Но что такое Ева без Змея шипящего?

Что такое благовонье без зловонья смердящего?

Что такое свет без теней?

И что такое Бог без чертей?

Соблазнение Цирл на самом деле всего лишь нена­долго отвлекает дьявола от потока сознания, кото­рое мечется между пророчеством и богохульством. Как только он ловит ее в свои сети, бедная Цирл не может ввернуть ни словечка в свою защиту. Только тогда маска, скрывающая дьявола, снята, и он чи­тает настолько непристойные стишки, что ника­кой бадхен не отважится произнести; он задает бо­гословские вопросы, столь богатые аллюзиями, что понять их может только идишский читатель:

Тут ди кдуше мит дер шуме фехтн?

Вет Гот дем сотн шехтн?

Одер из Самоэл герехт, аз эр из дер гехт фун але гехт?

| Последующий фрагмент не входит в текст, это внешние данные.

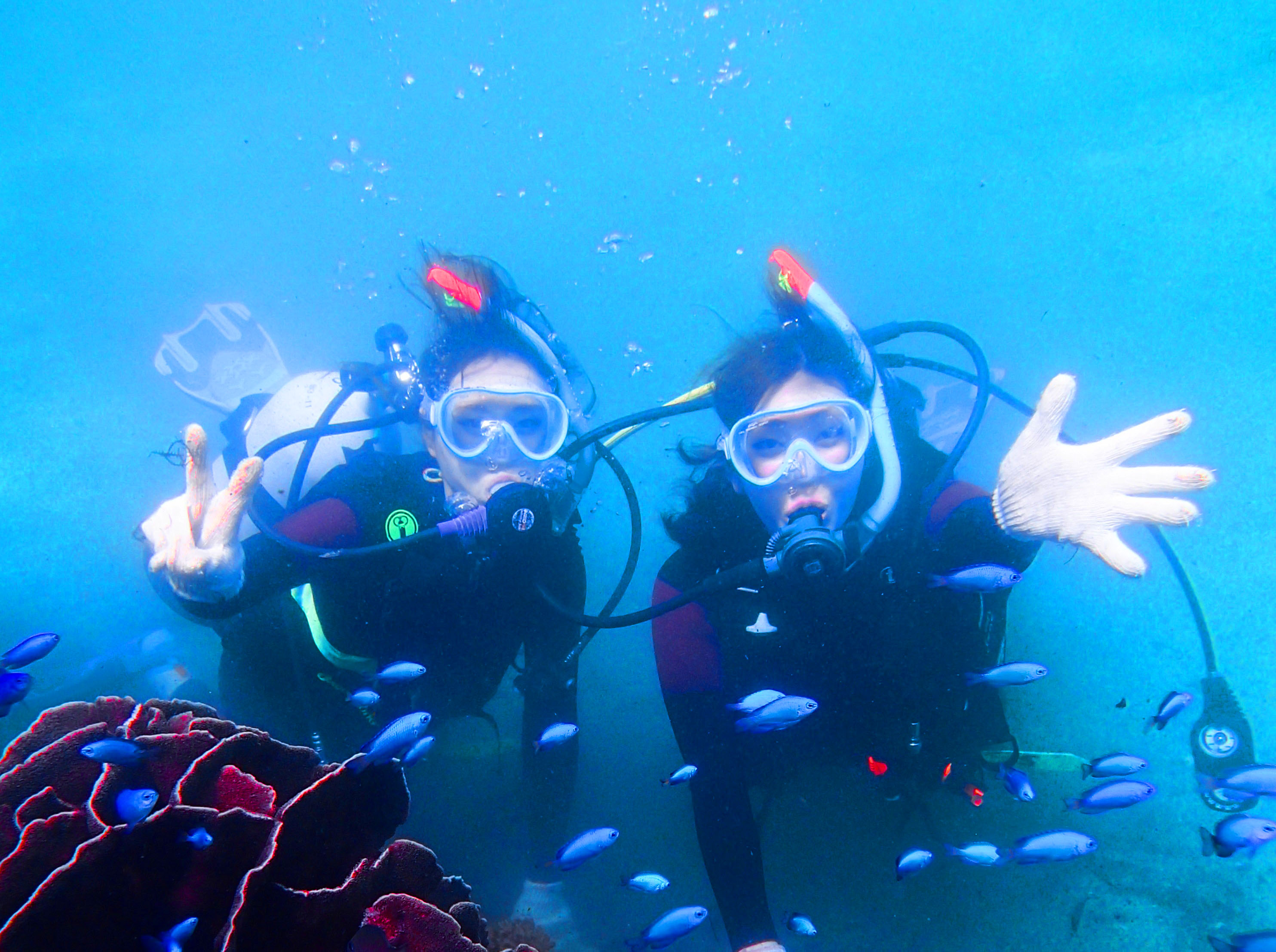海の中には様々な魚たちが待ってます!
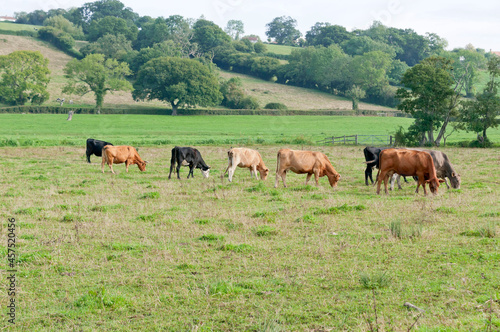 Cattle in a field, Somerset, England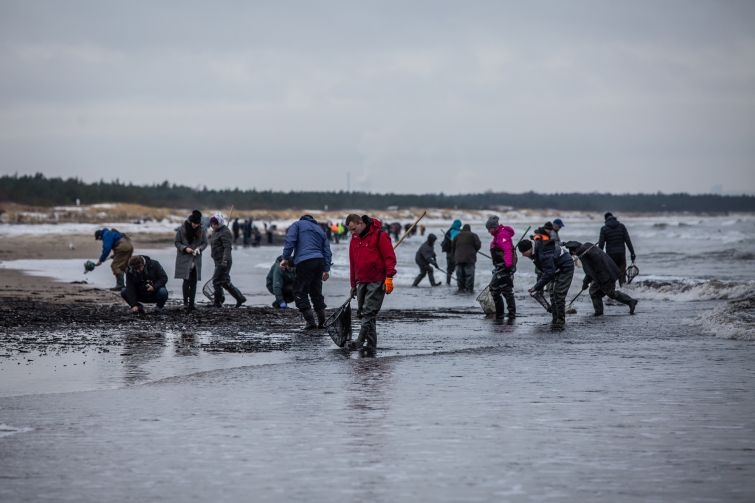 Bursztynowa gorączka na Wyspie Sobieszewskiej. Tłum poławiaczy na plaży - GospodarkaMorska.pl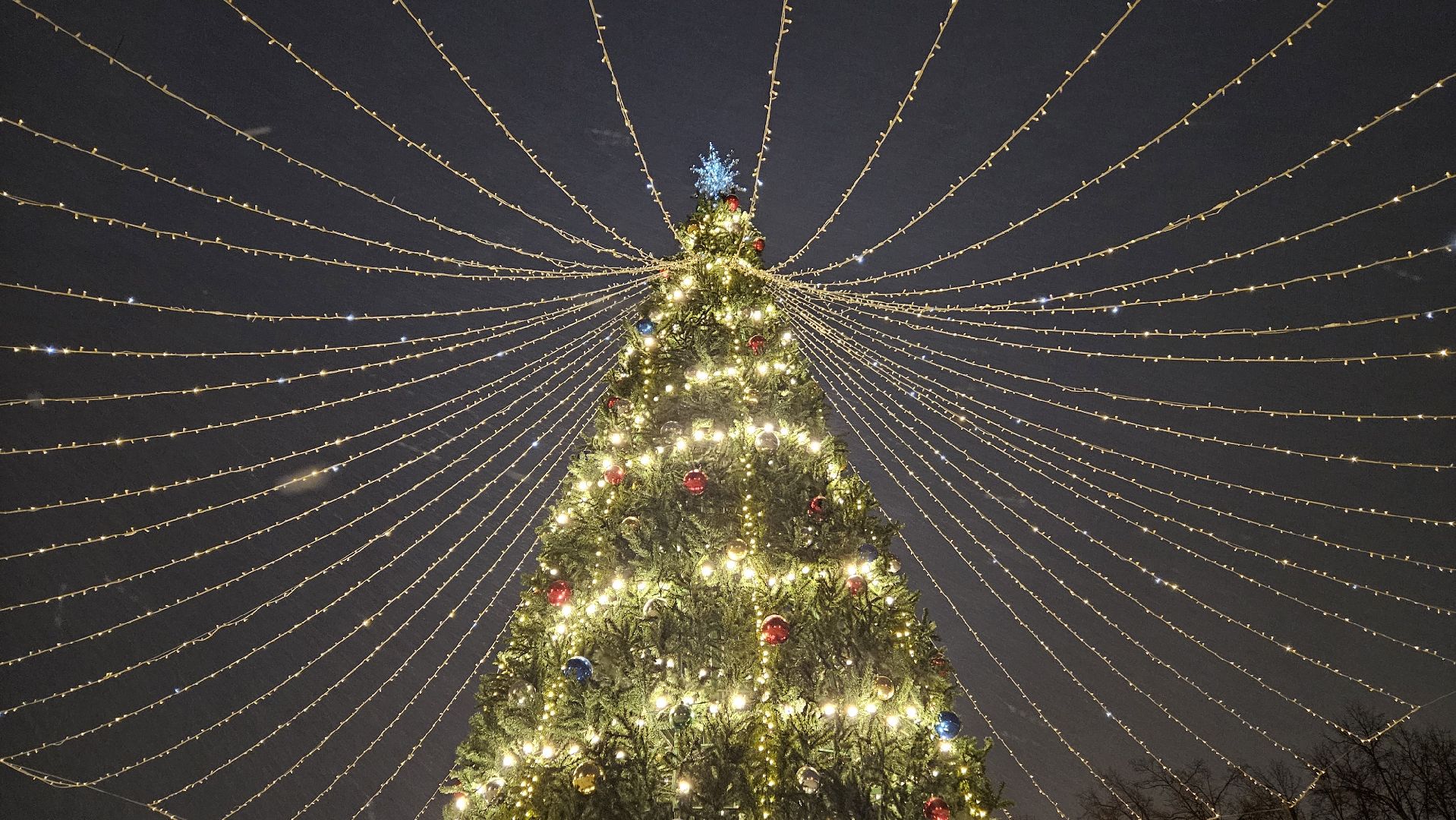 новый год, Жуковский, ёлка,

Вое вейст а шедл вер сфирт с'редл?

(Y10)

Ведут ли святость с нечистотой войну?

Зарежет ли Бог Сатану?

Или Самаэль прав и у него здесь больше прав?

Что знает бес малый о том, кто правит балом?

Разве может быть так, спрашивает дьявол, что мир — единственная сущность, созданная без рифмы или смысла? Или на одном конце тво­рения есть Создатель, а на другом — Мессия? «Эфшер вет дер иш-тамим форт кумен цу а тах- лис бе’ахрис га-йомим? Лесате зенен мир балеба- тим.